全身麻酔と手術後の自閉性障害のリスク; 全国、後ろ向き対応コホート研究

Risk of autistic disorder after exposure to general anaesthesia and surgery: A nationwide, retrospective matched cohort study.
Eur J Anaesthesiol. 2015 May;32(5):303-10. doi: 10.1097/EJA.0000000000000130.
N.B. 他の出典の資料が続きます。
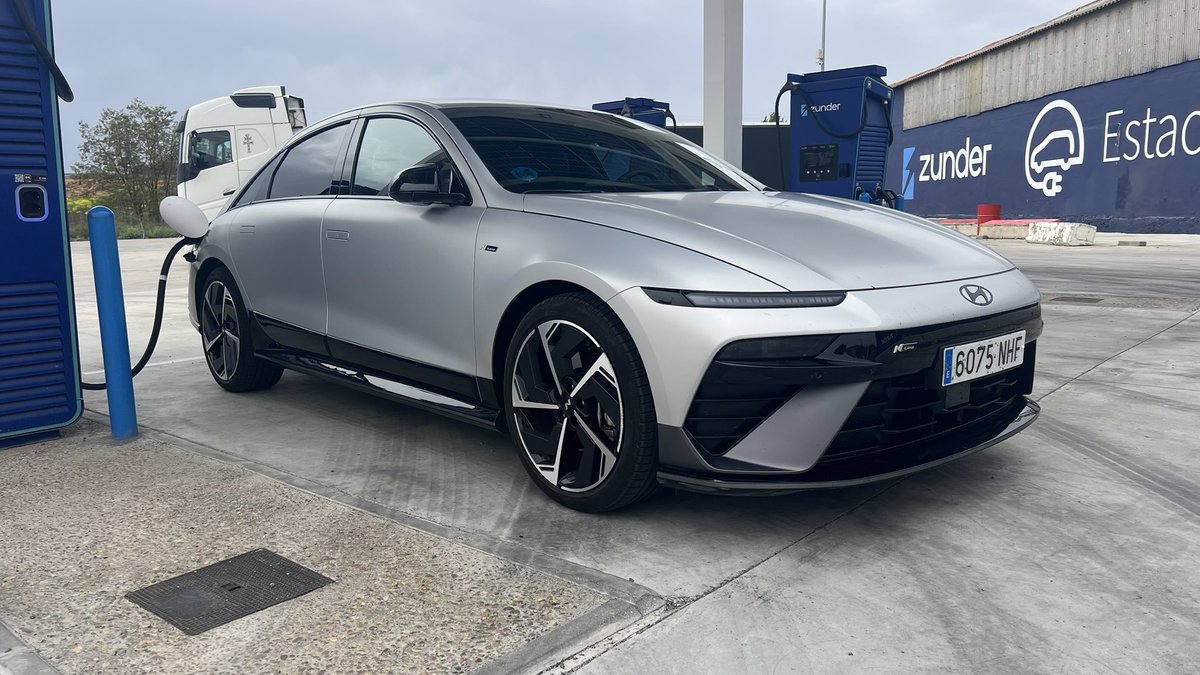 foroelectricos's tweet image. Iniciamos una prueba muy especial. El protagonista es el #Hyundai Ioniq 6, versión Long Range de tracción trasera:
🔋80 kWh
⚡️650 km de autonomía WLTP
🔌Carga a 270 kW

Una prueba que incluirá un viaje desde Galicia a Dinamarca 🇩🇰 Más de 2.000 km por trayecto. 🥳 @HyundaiEsp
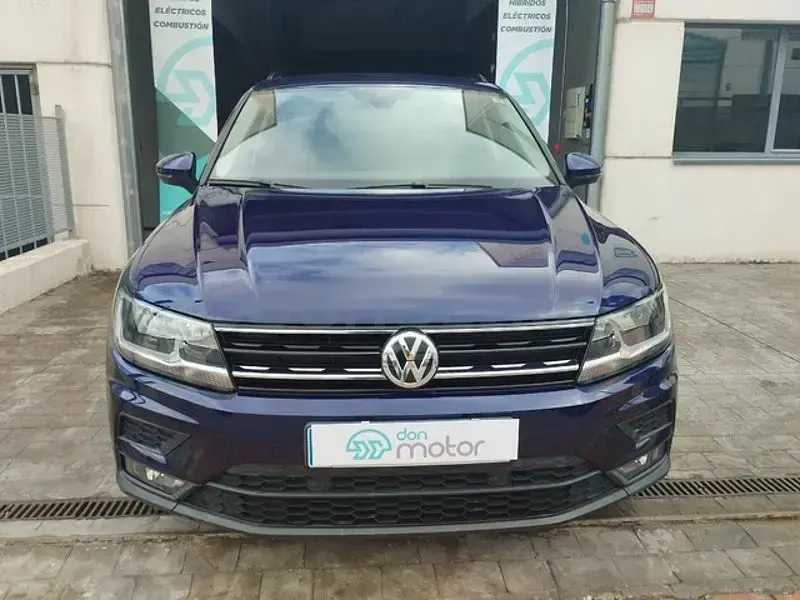 Usado VW Tiguan Life 150 CV (110 kW) 2020 Azul SUV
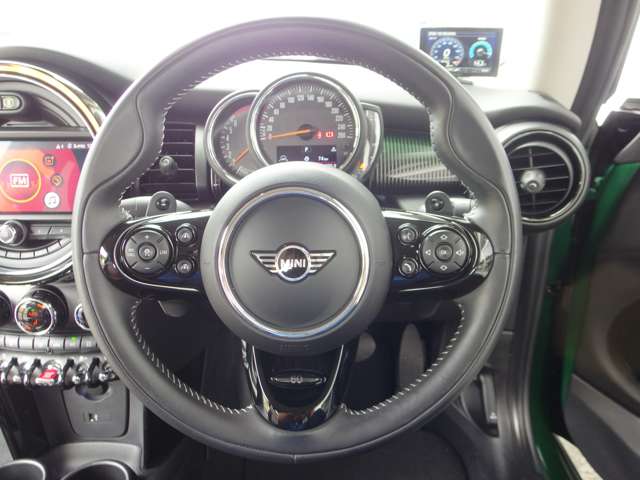 ミニ ミニ クーパーＳ ３ドア ６０イヤーズ エディション ＤＣＴ R1年 (東海) 99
・全身麻酔薬に曝露された新生動物では、学習、記憶、認知の障害が観察されている。しかし、麻酔と神経発達障害との関係を調査するためにヒトで実施された臨床試験からの結論は一貫していない。自閉性障害は、一般的に、他の神経行動障害よりも早期に認識される。特定の遺伝子が明らかに自閉性障害の感受性に寄与するが、周産期傷害や神経毒性薬剤への曝露といった他の要因が、遺伝子環境の相互作用において重要な役割を果たしている可能性がある。本研究では、全身麻酔/手術への曝露と自閉性障害との関連性を調査するために計画された。著者らは 2 歳になる前の全身麻酔と手術への暴露が自閉性障害を発症するリスクの増加と関連していると仮定した。

医科大学での後ろ向き整合コホート研究、2001 年から 2010 年の台湾国民健康保険研究データベースからのデータを分析した。出生コホートは、114 435 人の小児から成り、そのうち 5197 人 2 歳前に全身麻酔や手術にさらされていた。1:4 で相応させた対照群は、20 788 人の小児を含んだ。主要エンドポイントは、全身麻酔と手術への初回曝露後の自閉性障害の診断であった。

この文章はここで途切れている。